(Scraped caption text data)

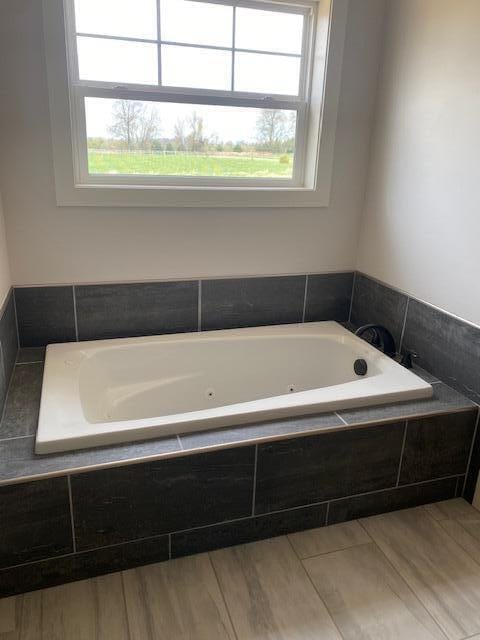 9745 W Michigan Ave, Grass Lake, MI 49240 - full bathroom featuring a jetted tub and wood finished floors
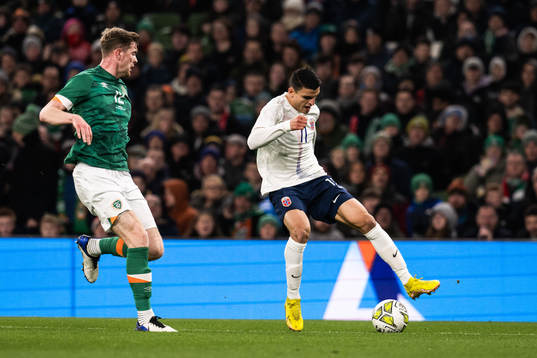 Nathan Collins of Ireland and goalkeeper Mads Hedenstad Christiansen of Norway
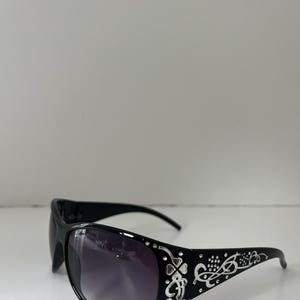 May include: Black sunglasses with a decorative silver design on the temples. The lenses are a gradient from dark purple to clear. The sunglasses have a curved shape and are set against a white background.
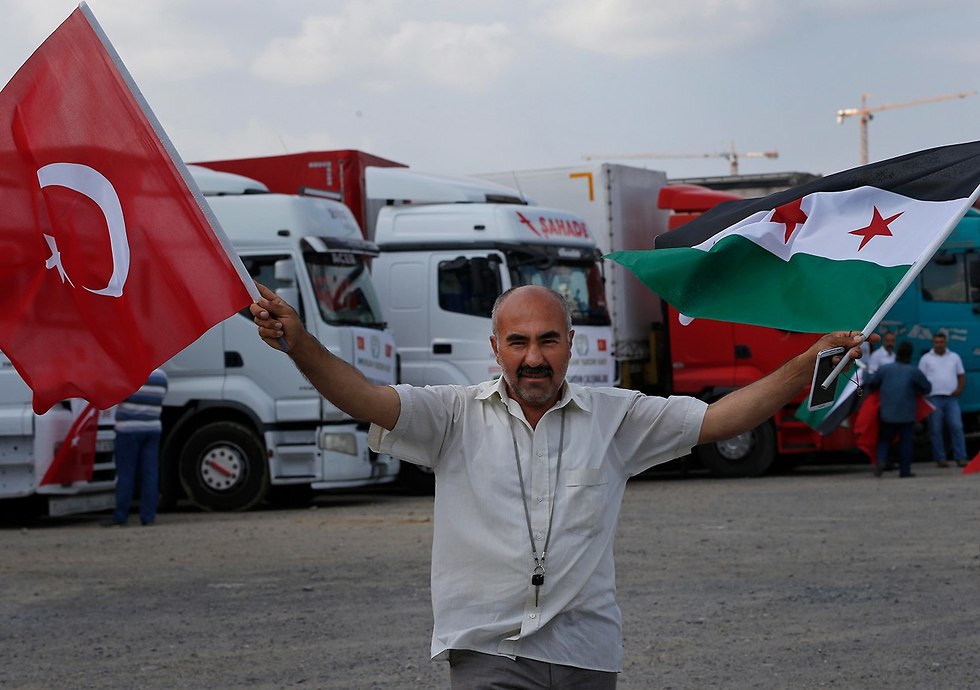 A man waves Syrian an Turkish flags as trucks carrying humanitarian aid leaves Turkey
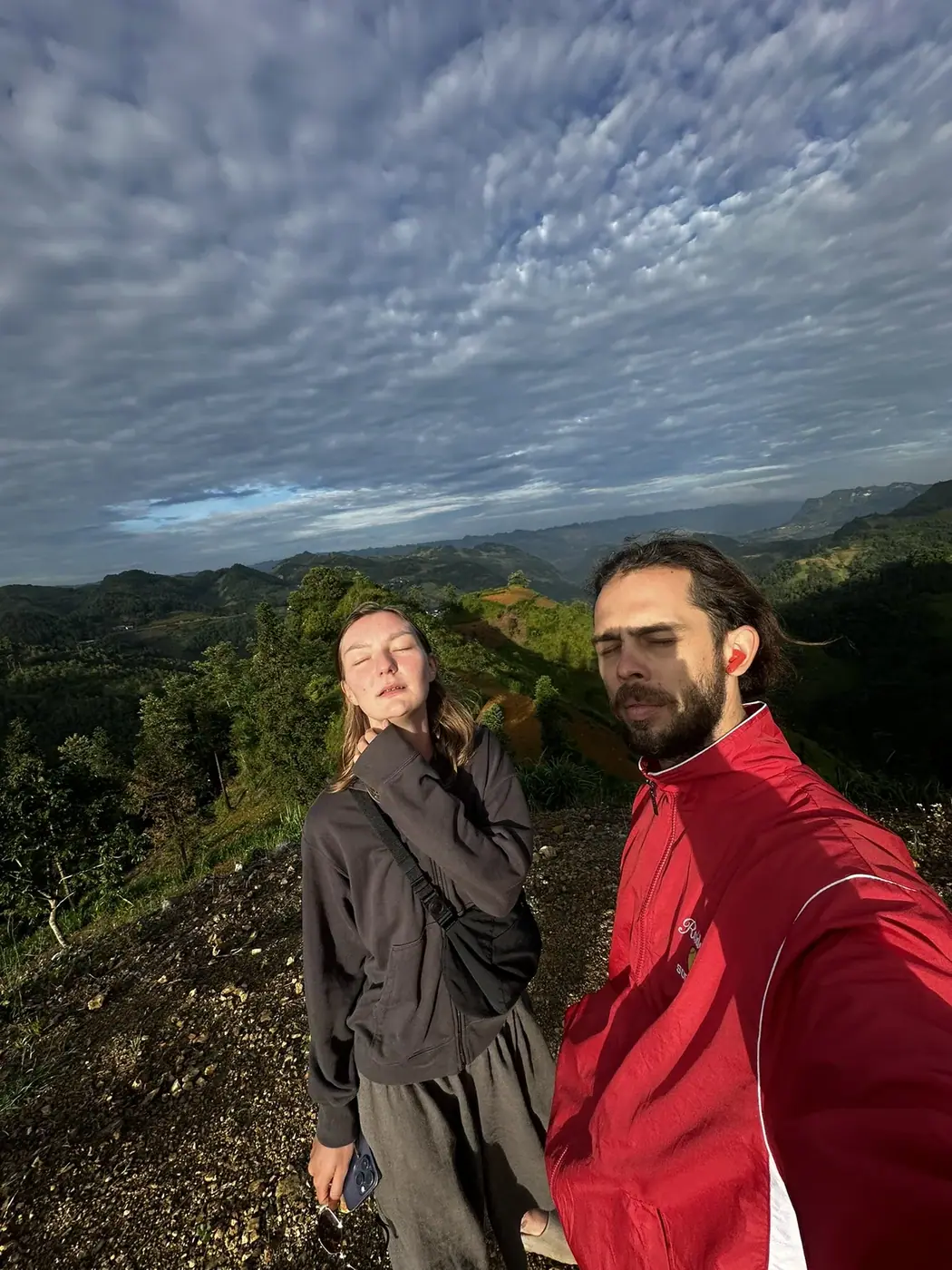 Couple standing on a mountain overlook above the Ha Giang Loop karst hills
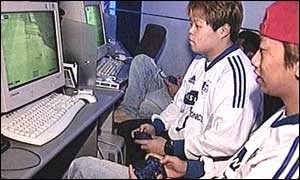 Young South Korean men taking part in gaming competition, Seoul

-- Problem to solve --
What the answer must hold: all the data above, given again exactly, without pictures.

-- Written reply --
 9745 W Michigan Ave, Grass Lake, MI 49240 - full bathroom featuring a jetted tub and wood finished floors
 Nathan Collins of Ireland and goalkeeper Mads Hedenstad Christiansen of Norway
 May include: Black sunglasses with a decorative silver design on the temples. The lenses are a gradient from dark purple to clear. The sunglasses have a curved shape and are set against a white background.
 A man waves Syrian an Turkish flags as trucks carrying humanitarian aid leaves Turkey
 Couple standing on a mountain overlook above the Ha Giang Loop karst hills
 Young South Korean men taking part in gaming competition, Seoul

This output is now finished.